Pas comme avec ce couple rencontré au mariage d'amis communs, auquel nous avons assisté avec Gaspard et Hector. Alors que nous discutions de banalités (vous faites quoi dans la vie, vous venez d'où, etc.), mon mari résume notre couple en quelques chiffres : "Dix ans d'amour, huit ans de mariage et ...". Devinant de quoi mon mari allait alors parler, cette jeune femme a jugé bon de compléter elle-même : "et deux enfants". Alors même que nous venions de parler d'Élise. J'ai corrigé immédiatement mais elle n'a pas réagi.

Pas comme avec cette bénévole associative rencontrée à l'occasion d'un atelier de portage. Alors qu'elle remplissait une fiche de renseignements me concernant en vue de mon adhésion à l'association (dont la mission principale est le soutien de l'allaitement maternel), elle me demande combien j'ai d'enfants : "Trois dont un décédé". Et elle de me répondre sans vergogne : "Je note deux alors". Ma fille ne peut pas être allaitée ni portée alors elle ne compte pas pour ta p..... d'association, c'est ça ?! Mais je n'ai rien dit, je me suis contentée d'un "Hmmm" qu'elle a dû prendre pour une forme d'approbation.
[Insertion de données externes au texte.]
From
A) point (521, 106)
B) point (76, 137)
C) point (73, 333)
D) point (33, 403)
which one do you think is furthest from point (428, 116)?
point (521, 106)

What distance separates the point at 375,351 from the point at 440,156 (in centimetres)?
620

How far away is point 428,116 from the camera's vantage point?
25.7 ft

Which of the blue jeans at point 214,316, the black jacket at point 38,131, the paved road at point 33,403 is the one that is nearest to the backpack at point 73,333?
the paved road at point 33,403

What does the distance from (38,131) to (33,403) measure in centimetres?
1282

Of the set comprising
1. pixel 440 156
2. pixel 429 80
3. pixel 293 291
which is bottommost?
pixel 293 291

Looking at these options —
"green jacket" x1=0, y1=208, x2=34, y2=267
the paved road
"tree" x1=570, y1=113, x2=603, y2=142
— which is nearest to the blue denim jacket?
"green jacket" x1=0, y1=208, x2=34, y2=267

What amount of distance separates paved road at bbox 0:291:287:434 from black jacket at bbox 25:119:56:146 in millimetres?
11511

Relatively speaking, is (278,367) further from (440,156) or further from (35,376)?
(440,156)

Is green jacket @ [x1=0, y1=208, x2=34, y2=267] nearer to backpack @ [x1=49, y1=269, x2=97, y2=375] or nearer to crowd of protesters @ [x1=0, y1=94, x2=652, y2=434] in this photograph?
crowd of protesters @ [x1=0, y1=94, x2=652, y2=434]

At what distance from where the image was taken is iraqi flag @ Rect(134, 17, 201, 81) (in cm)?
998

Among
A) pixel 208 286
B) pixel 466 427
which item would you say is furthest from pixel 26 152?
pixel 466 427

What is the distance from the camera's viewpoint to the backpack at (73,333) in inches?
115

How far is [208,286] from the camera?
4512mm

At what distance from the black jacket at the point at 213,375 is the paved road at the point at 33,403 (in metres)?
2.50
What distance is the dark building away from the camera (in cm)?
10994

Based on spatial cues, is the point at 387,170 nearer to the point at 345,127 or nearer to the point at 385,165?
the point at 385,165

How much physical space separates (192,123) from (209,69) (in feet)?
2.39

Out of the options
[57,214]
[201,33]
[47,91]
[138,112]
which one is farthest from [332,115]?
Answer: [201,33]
Pas comme avec la kiné chez qui je fais ma rééducation périnéale post-Hector et chez qui j'avais également fait celle post-grumeaux. Elle connaît déjà Gaspard puisque je l'emmenais avec moi lors de mes séances l'an dernier. Elle a maintenant rencontré Hector puisque je l'emmène également avec moi. Et à défaut de connaître Élise elle-même, elle connaît son existence. Cela ne l'a pas empêchée de me demander, le sourire aux lèvres, sans doute fière de sa petite blague : "Deux garçons ! Vous ne vouliez pas de petite fille ?". Aussi spontanément que posément, je lui réponds qu'ils ont en réalité une sœur, m'apprêtant à lui rafraîchir la mémoire. Et elle de répondre du tac au tac : "Oui, oui, avec Gaspard, vous m'aviez dit". Si tu te souviens d'elle, pourquoi tu fais comme si elle n'existait pas alors ?! 

Réflexion

Quand je revendique l'existence d'Élise, quand je milite pour la reconnaissance du deuil périnatal, je veux bien admettre que les gens n'aient pas forcément envie d'aller sur ce terrain-là. Mais quand je me contente de parler d'elle et de décrire ma famille telle qu'elle est, pourquoi me refuse-t-on ce droit ?!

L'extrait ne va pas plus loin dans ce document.